I hadn't realized the source of dangerous ones actually got included in the port. I'd vote for removing them entirely. There's really no safe way to use them.

@morganbr Thanks for the heads up. Once I get the RSA and DSA key value XML code changes done, I'll review the list of transforms included. I will likely publish a list and ask you and others to review it.

@anthonylangsworth Sounds great!

@morganbr @AnthonyDGreen Those transforms (that was disabled in the MS16-035 patch) have been discussed previously in this thread when discussing the port. @bartonjs stated on Dec 14 that reg-compat stuff should be removed. See also comment by @steveharter Dec 15 that those transforms probably can be enabled late-bound and should thus be ported.

@steveharter @bartonjs can you please chime in?

Even with no registry support, CryptoConfig can create those transforms late-bound by string name or oid. Search for 'CryptoConfig' in the SignedXml code as it is used to create the appropriate class based on the xml content.

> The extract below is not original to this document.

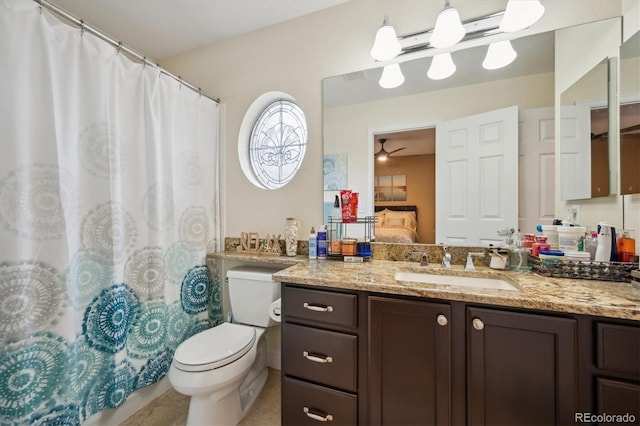 bathroom with toilet, curtained shower, ensuite bath, and vanity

This means the CryptoConfig class should be extended to support these transforms, at least for the same types in netfx anyway, and ideally also cross-reference those against Mono. That is unless there is a reason (that I'm not aware of) to not include them and not hook them up to CryptoConfig..

FWIW here's the netfx version of CryptoConfig (in order to compare with what's in corefx): https://referencesource.microsoft.com/#mscorlib/system/security/cryptography/cryptoconfig.cs,20d26e036bc718bc

There's a list of "allowed transforms" which is (in .NET Framework) registry-extensible for back-compat. For .NET Core it's not extensible, but hard coded to include only the no-input transforms.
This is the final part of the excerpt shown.